▶ EXERCISE OBJECTIVE
Within the entries below, output exactly the lines between the line containing "Swarovski Crystal 40mm Rainbow Maker Star" and the line containing "Pp Plastic Id", inclusive, and omit any picture.

▶ GIVEN RECORDS
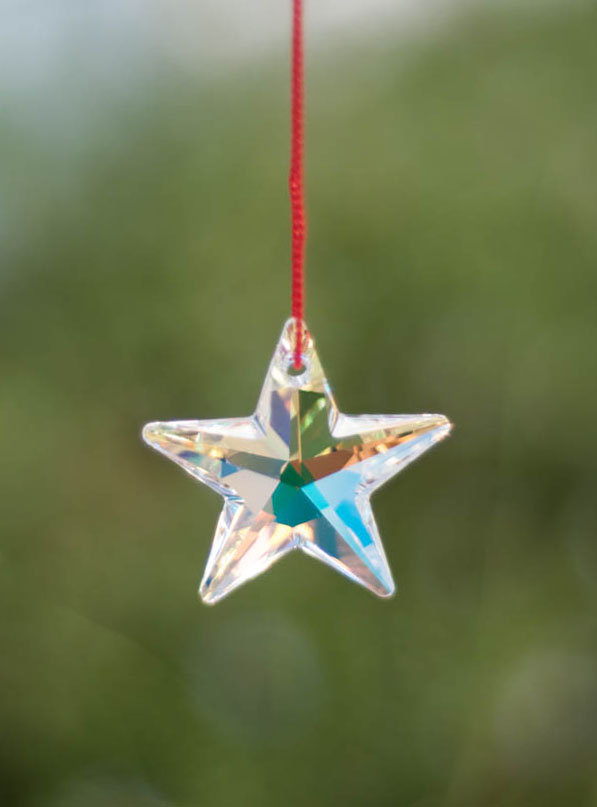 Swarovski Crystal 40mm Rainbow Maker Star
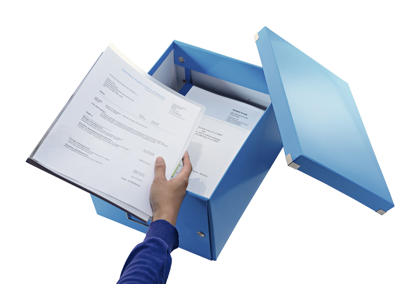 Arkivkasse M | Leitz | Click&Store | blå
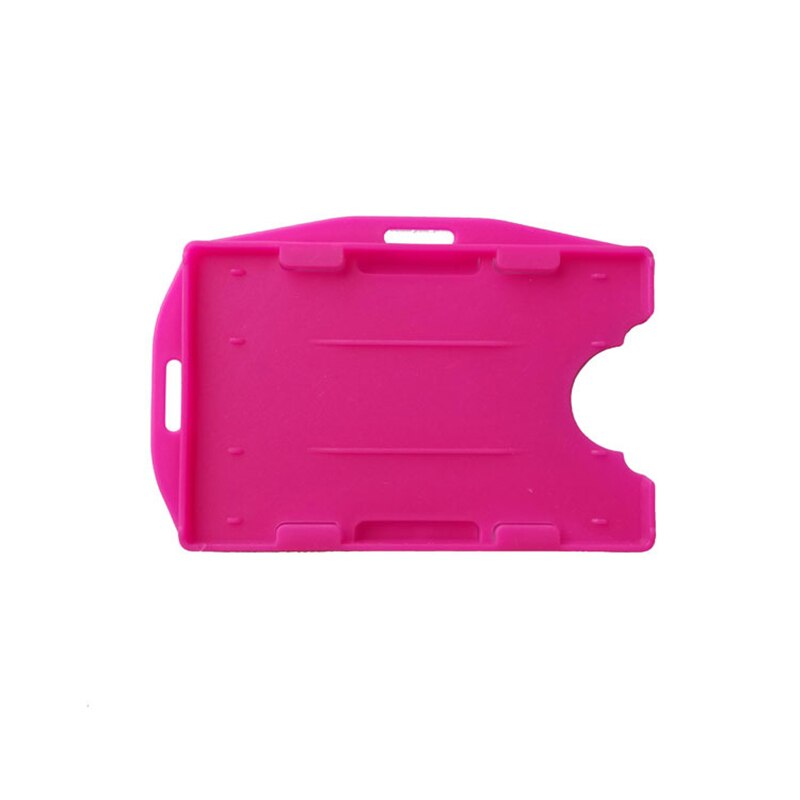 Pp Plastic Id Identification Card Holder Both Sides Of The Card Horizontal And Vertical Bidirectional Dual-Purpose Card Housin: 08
...
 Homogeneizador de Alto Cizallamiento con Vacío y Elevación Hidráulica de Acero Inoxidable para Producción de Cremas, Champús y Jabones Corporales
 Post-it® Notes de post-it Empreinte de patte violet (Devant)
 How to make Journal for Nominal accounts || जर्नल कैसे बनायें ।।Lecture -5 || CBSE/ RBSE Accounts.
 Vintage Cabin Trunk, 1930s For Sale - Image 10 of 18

▶ TASK RESULT
 Swarovski Crystal 40mm Rainbow Maker Star
 Arkivkasse M | Leitz | Click&Store | blå
 Pp Plastic Id Identification Card Holder Both Sides Of The Card Horizontal And Vertical Bidirectional Dual-Purpose Card Housin: 08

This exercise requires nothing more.